DATA BELOW >>

---------------

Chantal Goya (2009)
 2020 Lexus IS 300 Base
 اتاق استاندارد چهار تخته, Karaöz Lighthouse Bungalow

---------------

WHAT THE TASK ASKS >> The listing must be repeated in full, with nothing altered.

REPLY TO THE EXERCISE >>
Chantal Goya (2009)
 2020 Lexus IS 300 Base
 اتاق استاندارد چهار تخته, Karaöz Lighthouse Bungalow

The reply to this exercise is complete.